着实让凌非焉很是欣悦。但当凌非焉能够看得再清晰些,便发现这结论似乎下得为时过早了。
眼前,初一正侧身坐在床边怯怯偷望凌非焉,兴奋中暗藏沮丧,喜悦里带着忧伤。不知是涤玄真境中的磨难还是这场混沌魔劫的神殇,又或是亲手将凌非焉推进生死边缘的噩梦,她原本清朗明快的神情一夕之间沧桑许多。尤其凌非焉难得向她露出笑容,她不但没有多言几句,反而不自然的向床外的方向别了别头,好像在逃避什么。
凌非焉见状愈加疑惑。
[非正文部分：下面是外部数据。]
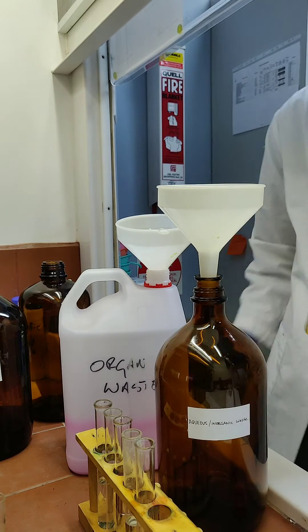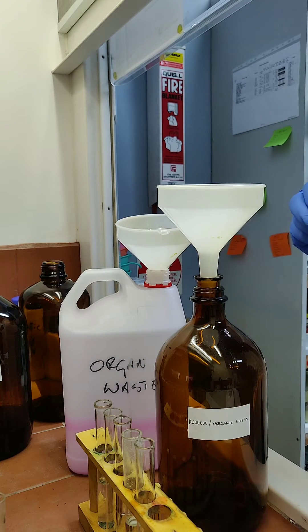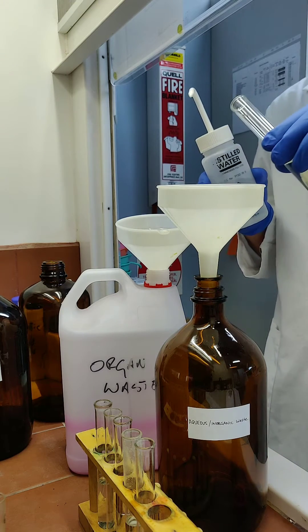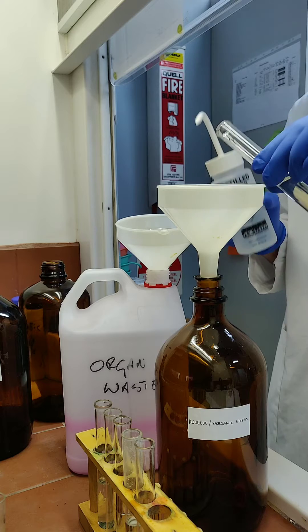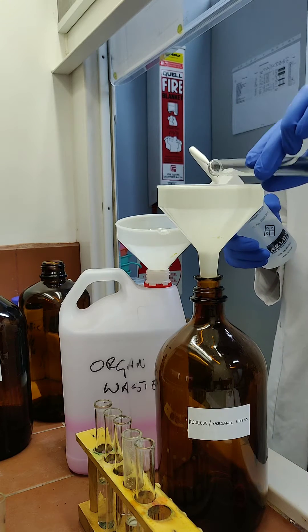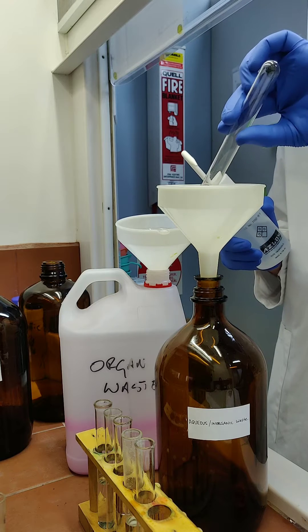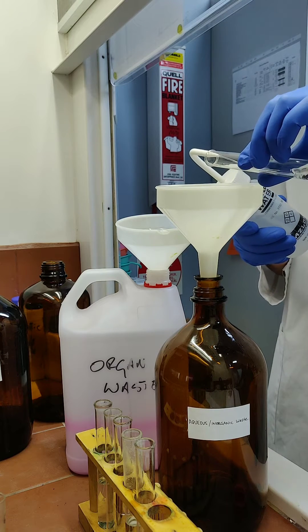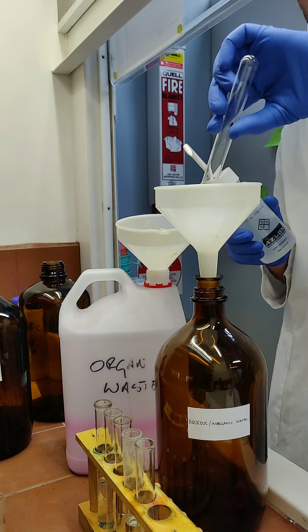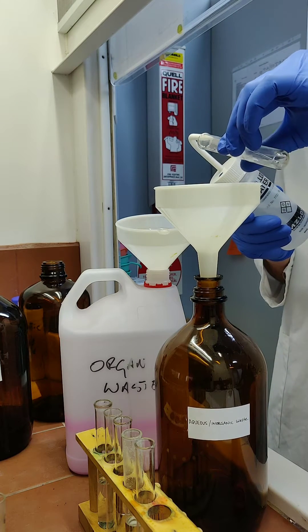Let's discard the iodine crystals in water. Ensure that there's a funnel in the top of the jar, discard the contents, and ensure you rinse out the tube. Make sure that all the waste goes into the discard jar.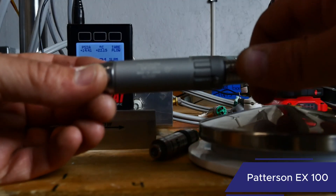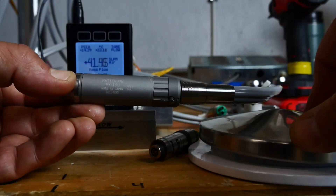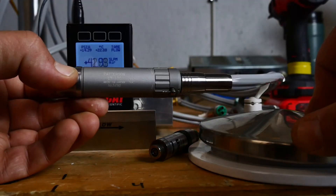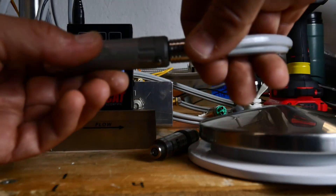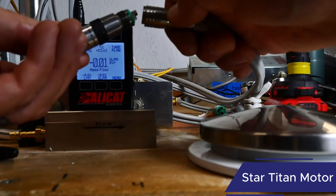This is the Patterson EX100. That's about 42 standard liters of air per minute — roughly 1.4 CFM.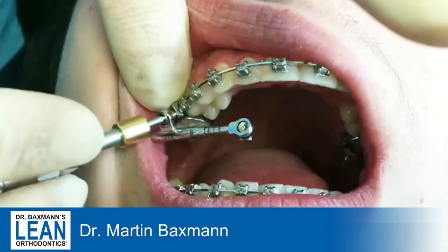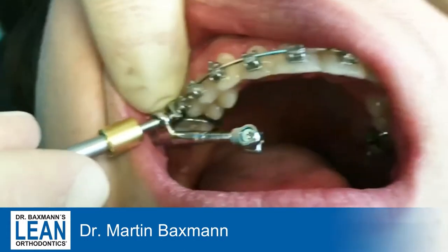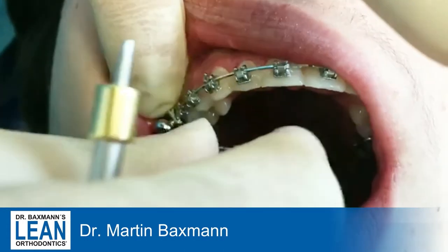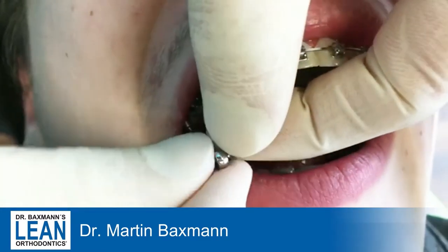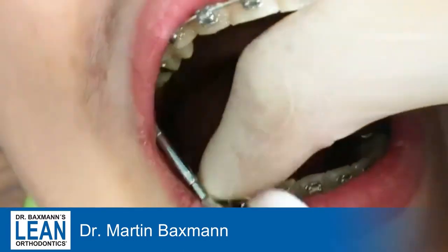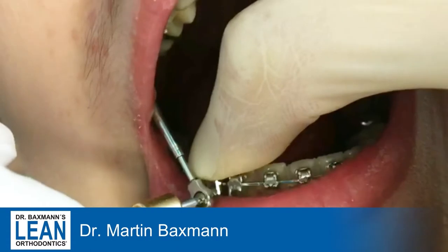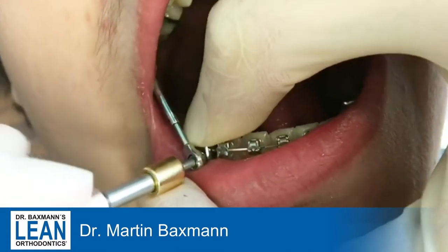When I use a Class 2 appliance, it should be one that is easy to insert and easy to remove as well, like the Power Scope by American Orthodontics. You fit it first in the upper arch by sliding that bracket-type part of it onto the wire and then securing it with a screw, which you can easily tighten with a screwdriver that is included in the Power Scope package.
她看到初一已经换上一身普通的粗布青袍,却梳着与往日不同的发型。几缕刘海斜斜挡在脸颊,将右边眼睛隐约藏在发丝后面,心中不由咯噔一下。初一这般躲她,莫非与那只金眸相干?
自知大梦方醒气息尚且虚弱,凌非焉急切想知答案便也不与初一多做周旋,直接问道:“非一……你的魔劫……可是去了?”
听闻凌非焉伤重初愈最先关心的是自己,初一心中又是甜蜜又是感激,但凌非焉的问题却令她猛然一震。她下意识抬手捂住眼睛,唏嘘应道:“不是去了,少祭师说,入魔便是入魔……再无回头路了……”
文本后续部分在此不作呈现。